### Given data
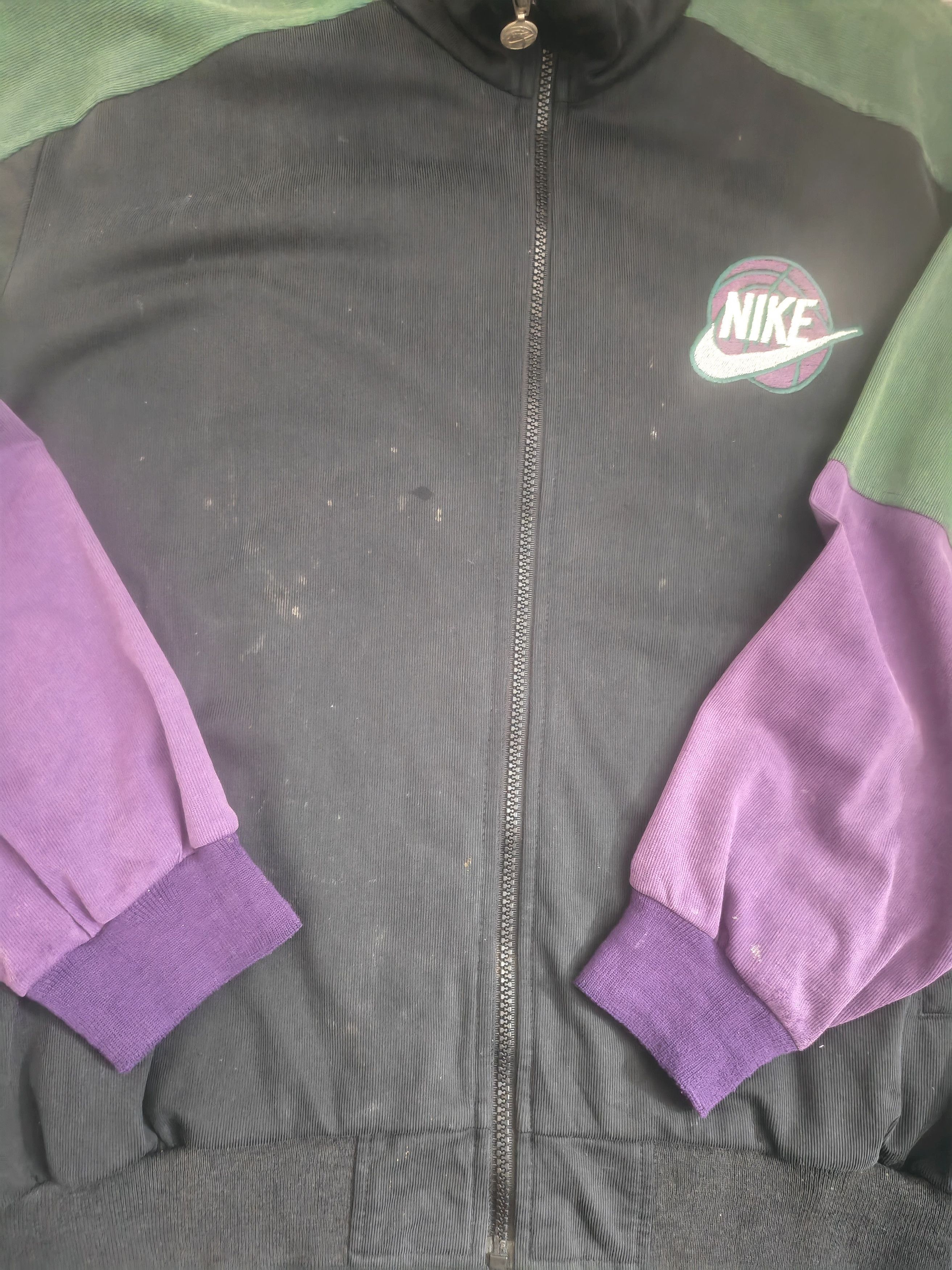 Nike Vintage Nike Grey Tag Track Jacket Big Logo L Size US L / EU 52-54 / 3 - 9 Thumbnail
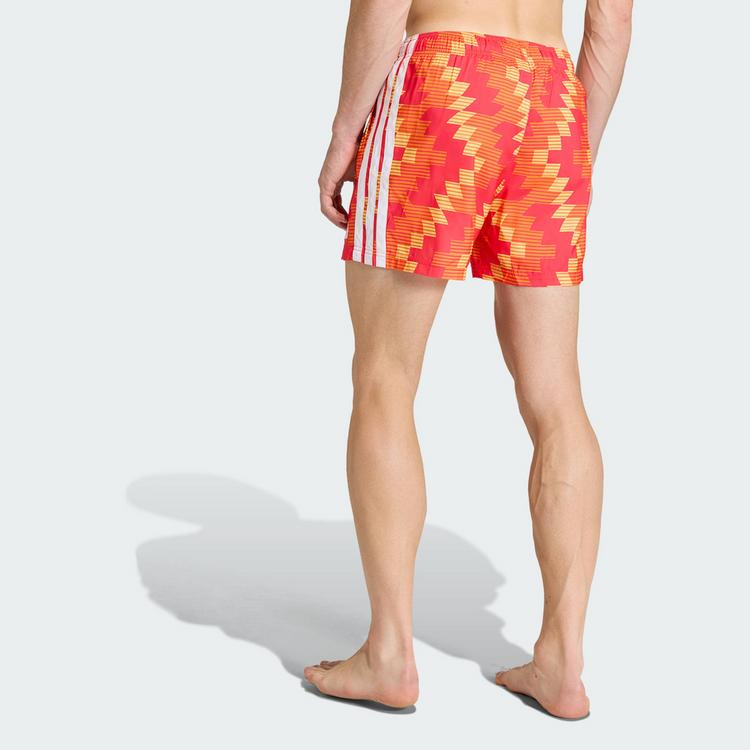 adidas adidas FOOTBALL-INSPIRED GRAPHIC BADESHORTS 5 Badehose Herren - Ice Tangerine / White - 1 | SportScheck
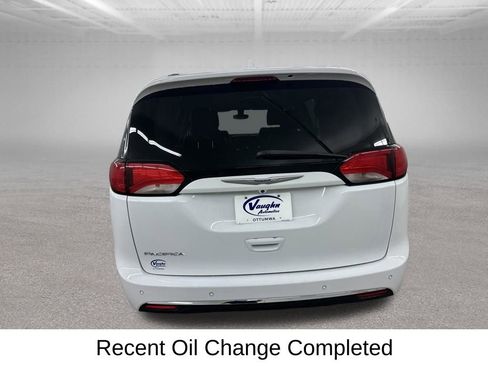 Used 2020 Chrysler Pacifica Touring-L FWD image 12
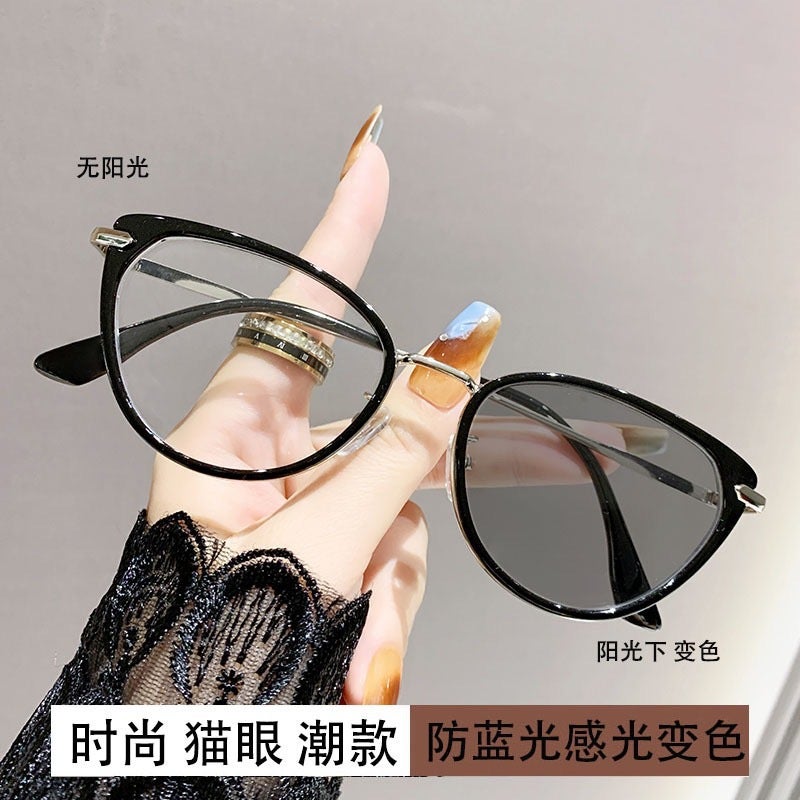 Red Book Internet Celebrity Same Style Cat's Eye Metal Frame Cross-border Myopia Glasses Can be Equiped with Retro Flat Glasses Full Frame Glasses - Image 1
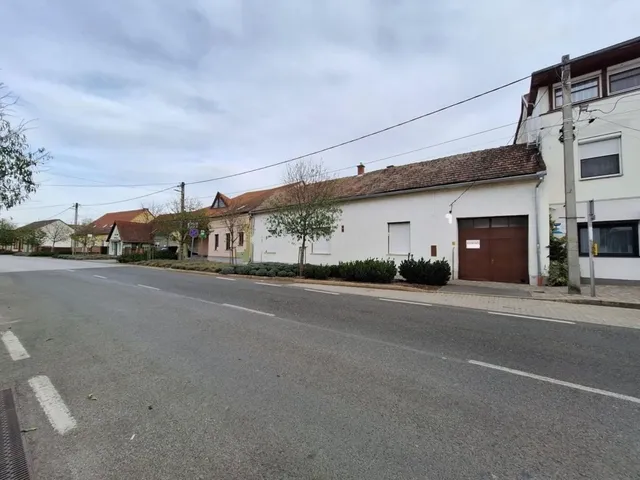 Eladó ház Villány 220 nm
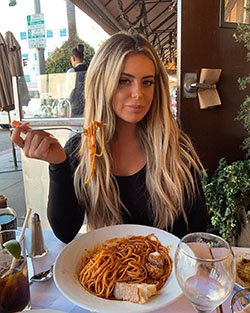 Brielle Biermann Instagram Pictures, Mitsui cuisine M, Kim Zolciak-Biermann: Long hair,  Brown hair,  Hot Instagram Models,  Kim Zolciak-Biermann  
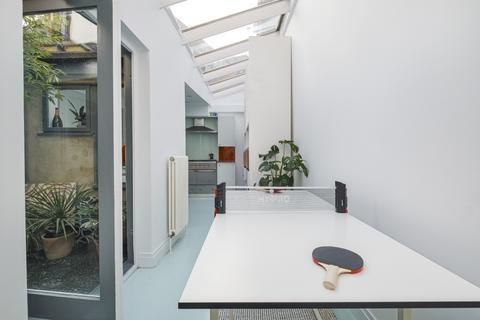 2 bedroom terraced house to rent, Bermondsey Street, Bermondsey, SE1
######
■ Problem details: Drop the pictures; repeat the listing above exactly.

■ Result below:
 Nike Vintage Nike Grey Tag Track Jacket Big Logo L Size US L / EU 52-54 / 3 - 9 Thumbnail
 adidas adidas FOOTBALL-INSPIRED GRAPHIC BADESHORTS 5 Badehose Herren - Ice Tangerine / White - 1 | SportScheck
 Used 2020 Chrysler Pacifica Touring-L FWD image 12
 Red Book Internet Celebrity Same Style Cat's Eye Metal Frame Cross-border Myopia Glasses Can be Equiped with Retro Flat Glasses Full Frame Glasses - Image 1
 Eladó ház Villány 220 nm
 Brielle Biermann Instagram Pictures, Mitsui cuisine M, Kim Zolciak-Biermann: Long hair,  Brown hair,  Hot Instagram Models,  Kim Zolciak-Biermann  
 2 bedroom terraced house to rent, Bermondsey Street, Bermondsey, SE1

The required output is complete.